Recurso interposto tempestivamente. Preparo recursal não recolhido, uma vez que, o apelante é beneficiária da gratuidade judiciária. Presentes, ainda, os demais requisitos intrínsecos e extrínsecos de admissibilidade, quais sejam: cabimento, legitimidade, interesse para recorrer, inexistência de fato impeditivo ou extintivo e regularidade formal.

Assim sendo, RECEBO a Apelação Cível nos efeitos devolutivo e suspensivo, nos termos do artigo 1012, caput, do Código de Processo Civil, ante a ausência das hipóteses previstas no artigo 1.012, § 1º, incisos I a VI, do Código de Processo Civil, a ensejarem o recebimento do recurso apenas no efeito devolutivo.

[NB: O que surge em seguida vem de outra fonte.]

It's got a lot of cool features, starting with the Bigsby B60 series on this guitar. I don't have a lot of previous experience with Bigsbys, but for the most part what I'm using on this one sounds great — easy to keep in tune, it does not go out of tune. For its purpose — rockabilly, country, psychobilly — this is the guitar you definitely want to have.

Dispensabilidade de encaminhamento dos autos ao Ministério Público Superior por não vislumbrar hipótese legal que justifique sua intervenção (ID 29782146).

 

III – DO MÉRITO RECURSAL


O artigo 932, inciso V, alínea “b”, do Código de Processo Civil, possibilita ao relator, através de juízo monocrático, promover o julgamento de recurso submetido à sua apreciação, nas seguintes hipóteses:

 

“Art. 932. Incumbe ao relator:

(...)

V – depois de facultada a apresentação de contrarrazões, dar provimento ao recurso se a decisão recorrida for contrária a:

(...)

b) acórdão proferido pelo Supremo Tribunal Federal ou pelo Superior Tribunal de Justiça em julgamento de recursos repetitivos;

(...).”


Neste sentido, preconiza o artigo 91, VI-C do Regimento Interno deste Egrégio Tribunal de Justiça:


“Art. 91. Compete ao Relator, nos feitos que lhe forem distribuídos, além de outros deveres legais e deste Regimento:

(…)

VI-C – depois de facultada a apresentação de contrarrazões, dar provimento ao recurso se a decisão recorrida for contrária a acórdão proferido pelo Supremo Tribunal Federal ou pelo Superior Tribunal de Justiça em julgamento de recursos repetitivos;


Discute-se, no presente recurso, a validade da relação jurídica mantida entre as partes, especificamente quanto à celebração de contrato de empréstimo consignado junto ao Banco Santander (Brasil) S.A., cujas parcelas vêm sendo descontadas do benefício previdenciário do autor/apelante. Enquanto a instituição financeira sustenta a regularidade da contratação mediante a apresentação de instrumento contratual firmado em 21/08/2023, contendo impressão digital e assinatura a rogo, o apelante nega veementemente ter solicitado ou anuído com o referido ajuste. Aponta a ocorrência de fraude e sustenta a nulidade do pacto por vício formal e ausência de manifestação de vontade, ressaltando que o magistrado de piso cerceou seu direito de defesa ao julgar antecipadamente a lide sem a realização da perícia técnica e documental requerida para confrontar a validade do negócio jurídico.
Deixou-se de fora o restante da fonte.